OPTI nonlinear solvers execution time

166 views
Skip to first unread message

Abdo Mohamed

unread,
Dec 25, 2017, 7:14:48 AM12/25/17
to OPTI Toolbox Forum
Greetings,

I am using OPTI in order to study different algorithms being used in the problem of solving nonlinear equations [specifically in circuits and semi-conductor simulators]. I am running many test cases in order to compare some of the algorithms included in OPTI and those included in other circuit and device simulators [mainly open sourced E.g. spice based simulators]. The main point of comparison is the simulation time. I do have few questions regarding this point

  • Can i rely on the execution time reported by any of the algorithms here, or the Matlab wrapper introduces overhead 
I am mainly interested in comparing the simulation time [which includes solving a huge set of sparse non-linear equations] both on the spice simulators and the Matlab interface for OPTI, 
  • would such comparison be fair or i should build nativly any of the listed algorithms and run them outside the Matlab environment ?

Thanks

Jonathan Currie

unread,
Dec 26, 2017, 1:47:57 AM12/26/17
to OPTI Toolbox Forum
Hi,

The execution time reported by OPTI (i.e. within the 'Time' field of the output statistics) is recorded as follows (for e.g. NL2SOL):

t = tic;
% Run NL2SOL
[x, fval, exitflag, iter, feval] = nl2sol(fun,grad,x0,ydata,lb,ub,opts);

%Collect Results
info.Iterations = iter;
info.FuncEvals = feval;
info.Time = toc(t);

Noting it uses MATLAB's tic and toc functions (https://au.mathworks.com/help/matlab/ref/tic.html) around the call to the actual MEX file. Therefore the timing can be basically assumed to be just the MEX interface, and not any MATLAB setup/wrapper code. However, because the MEX interface will call MATLAB functions (e.g. fun and grad), then this does execute MATLAB code. Whether these calls are faster or slower than compiled code (e.g. written in C/C++) really depends on your application. You would have to profile these separately to get a feel for this difference.

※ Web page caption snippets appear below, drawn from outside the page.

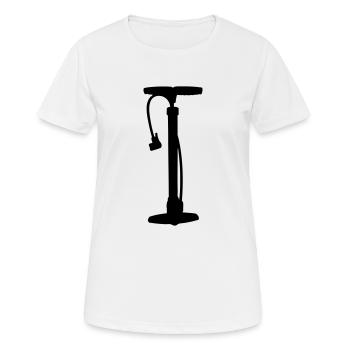 Pompe à vélo - T-shirt respirant Femme - blanc - Devant - AI Model Female 172 dark (172cm)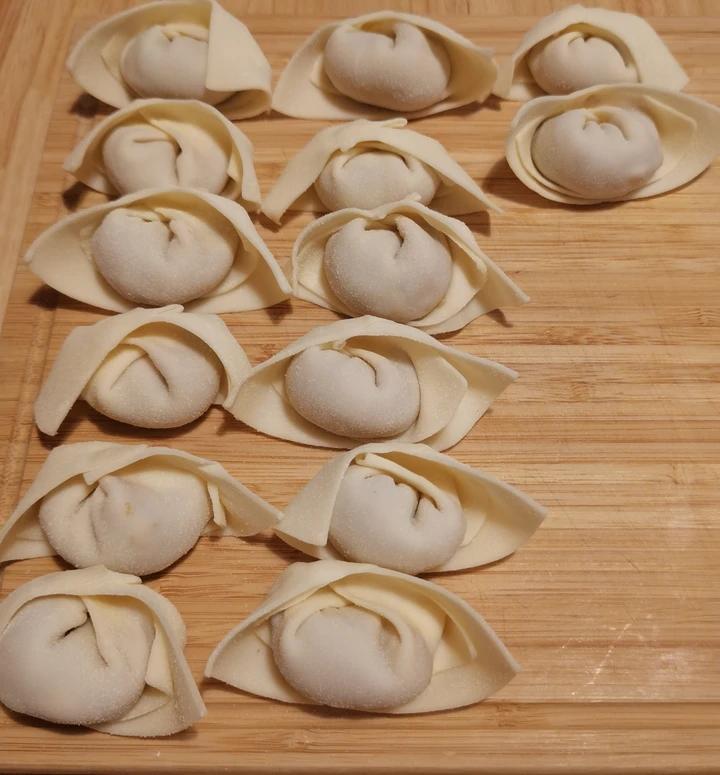 上海大馄饨包法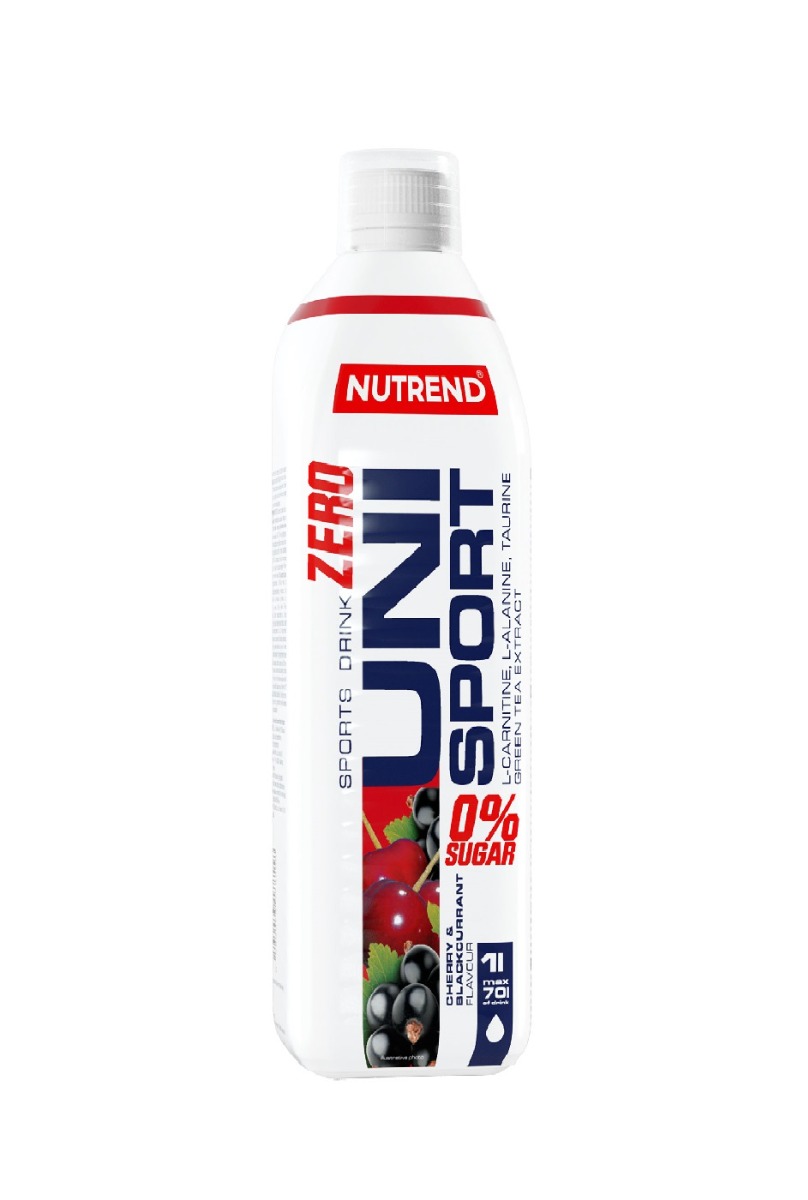 Nutrend Unisport Zero višeň + černý rybíz 1000 ml Nutrend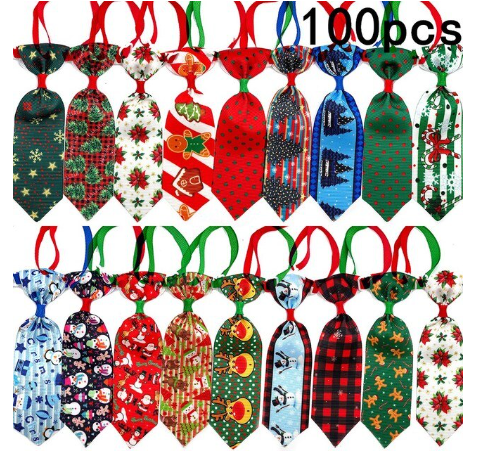 Small Christmas Necktie (100 pieces)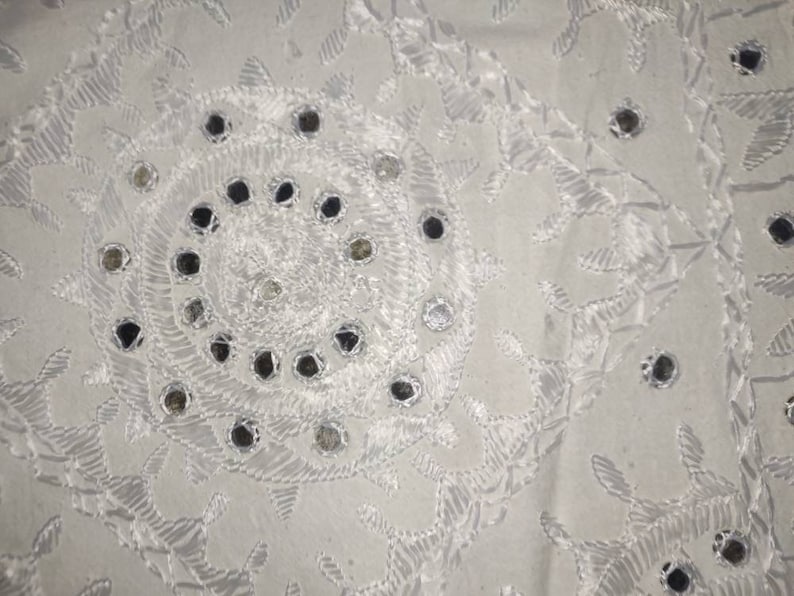 Rajasthani Art Deco White Colour Cotton With Silk | Etsy
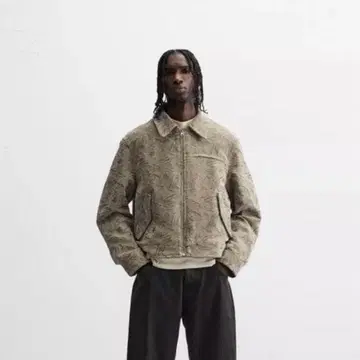 ZARA 추상 프린트 자켓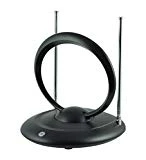 HDTV Antenna 25-40 Miles Range, Indoor Rabbit Ear TV Antenna, Retractable Dipoles [Tabletop] with 5FT Cable Connector, 33694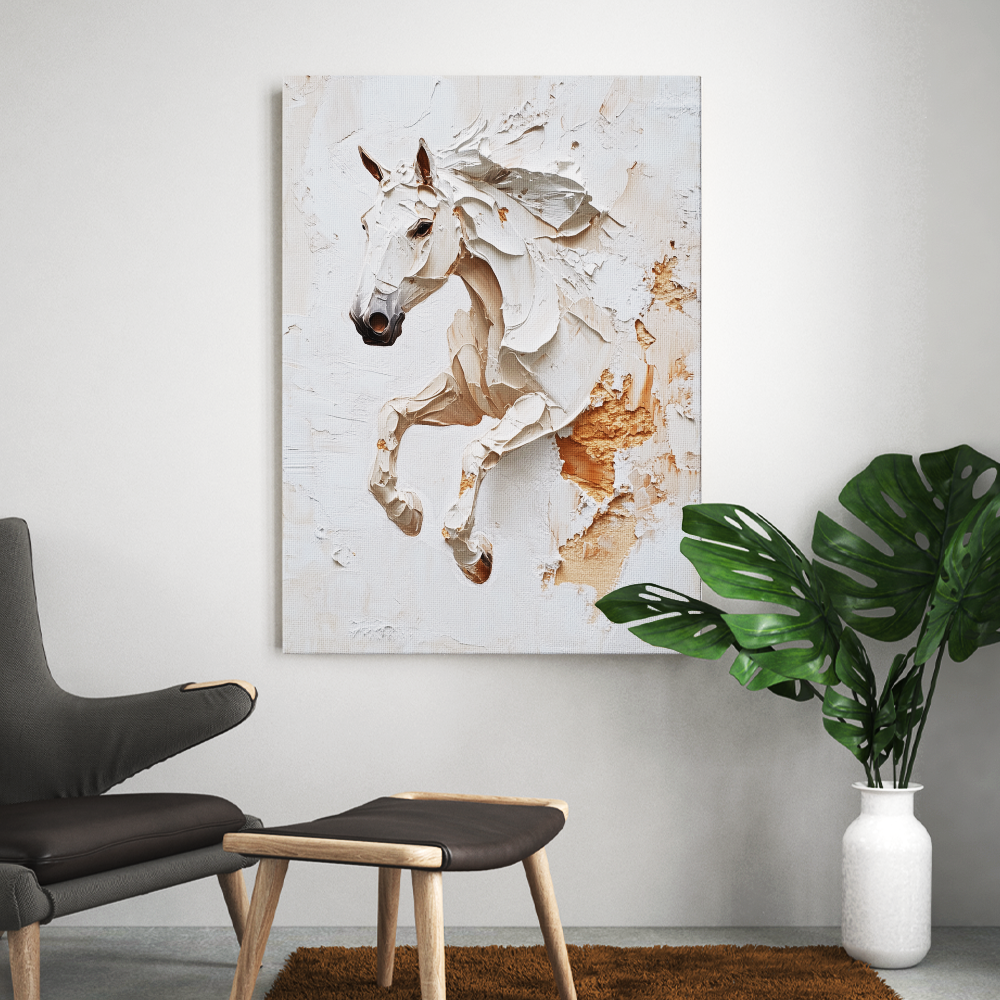 Tableau Cheval Peinture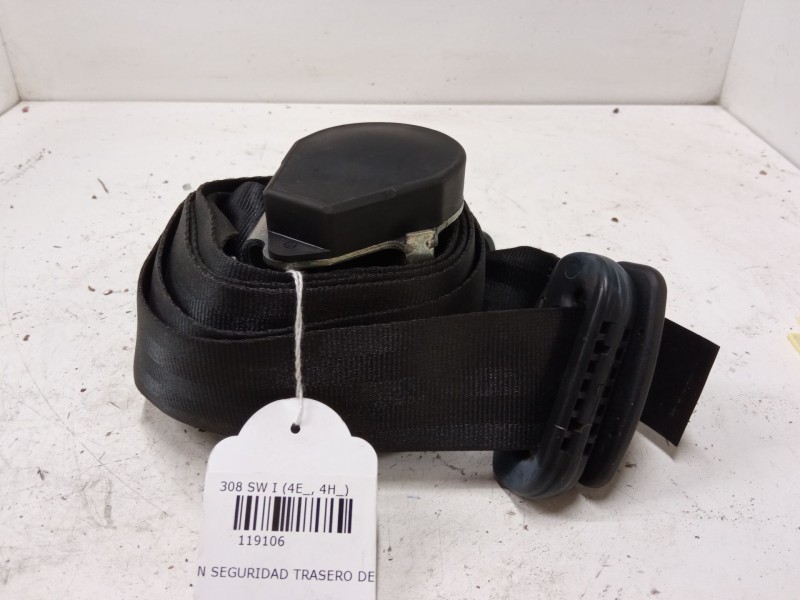 Recambio de cinturon seguridad trasero derecho para peugeot 308 sw i (4e_, 4h_) 1.6 hdi referencia OEM IAM   
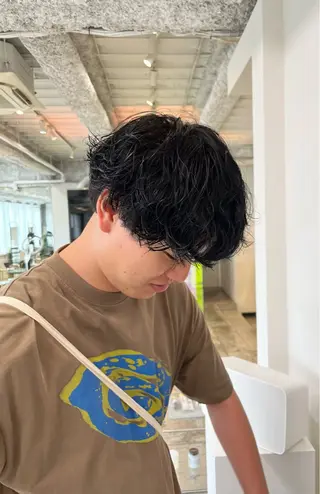 パーマ メンズ ANY/メンズ特化/ シバヤ　ユウキのヘアスタイル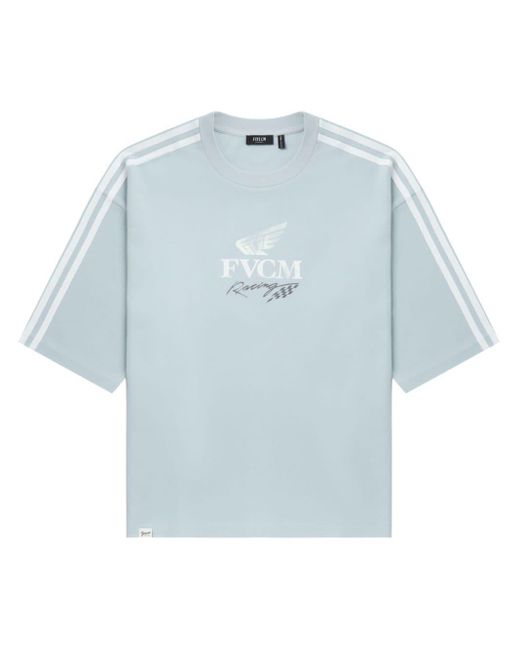 FIVE CM Blue Logo-print Cotton T-shirt for men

Also remember most SNLE algorithms supplied with OPTI are for dense problems only. OPTI does provide a means to supply sparse derivatives (http://www.inverseproblem.co.nz/OPTI/index.php/Probs/SNLE#SparseDerivs), but then the problem is solved as an NLP (generally using IPOPT), which may not be the intended comparison.

Jonathan



--
You received this message because you are subscribed to the Google Groups "OPTI Toolbox Forum" group.
To unsubscribe from this group and stop receiving emails from it, send an email to opti-toolbox-forum+unsub...@googlegroups.com.
To post to this group, send email to opti-toolbox-forum@googlegroups.com.
For more options, visit https://groups.google.com/d/optout.

Elbehery

unread,
Dec 27, 2017, 2:09:39 PM12/27/17
to opti-tool...@googlegroups.com


Thanks so much for your time.

In case someone is interested, i have actually ran few tests to compare the four following scenarios

  1. build MKLTRNLS nativly and measure the running time
  2. run the same function [with the Matlab implementation] over OPTI  and measure the time
  3. run the same function using Matlab fsolve without any sparse Jacobin optimization
  4. run the same function using Matlab fsolve and explicitly provide the Jacobin [not the pattern but the functions that evaluate it] and use the parallel Jacobin evaluator used in the Matlab optimization toolbox

I am using the Extended Powell singular function taken from [1] with 4000 unknowns and here are the results


For 1


I have manipulated the code at the examples provided and increased n = 4000; m=4000; it took almost 14 seconds for the code to obtain the roots




For 2

It took almost 70 seconds to execute the Matlab implementation of the function

function [F, J]  = ex_pow(x)
n=length(x);
F=zeros(1,length(x));
i=1:1:(length(x)/4);
F(4 * i - 3) = x(4 * i - 3) + 10.0 * x(4 * i - 2);
F(4 * i - 2) = 2.2360679774998 * (x(4 * i - 1) - x(4 * i));
F(4 * i - 1) = (x(4 * i - 2) - 2.0 * x(4 * i - 1)) .* (x(4 * i - 2) - 2.0 * x(4 * i - 1));
F(4 * i) = 3.1622776601684 * (x(4 * i - 3) - x(4 * i)) .* (x(4 * i - 3) - x(4 * i));
%The Jacobian part
if nargout > 1
    c=1;C=sparse(4*i-3, 4*i-3,c,n,n);
    c=10;C1=sparse(4*i-3, 4*i-2,c,n,n);
    d=2.2360679774998;D=sparse(4*i-2, 4*i-1,d,n,n);
    d=-2.2360679774998;D1=sparse(4*i-2, 4*i,d,n,n);
    d=2*(x(4*i-2)-2*x(4*i-1));D2=sparse(4*i-1, 4*i-2,d,n,n);
    d=2*(x(4*i-2)-2*x(4*i-1))*(-2);D3=sparse(4*i-1, 4*i-1,d,n,n);

    d=3.1622776601684*2*(x(4*i-3)-2*x(4*i));D4=sparse(4*i, 4*i-3,d,n,n);
    d=-3.1622776601684*2*(x(4*i-3)-2*x(4*i));D5=sparse(4*i, 4*i,d,n,n);
    J=C+C1+D+D1+D2+D3+D4+D5;
end



For 3

It took Matlab fsolve about 19 seconds to solve without any kind of optimization


For 4

Using the following options


It took Matlab 0.1 seconds to solve about 140x speedup !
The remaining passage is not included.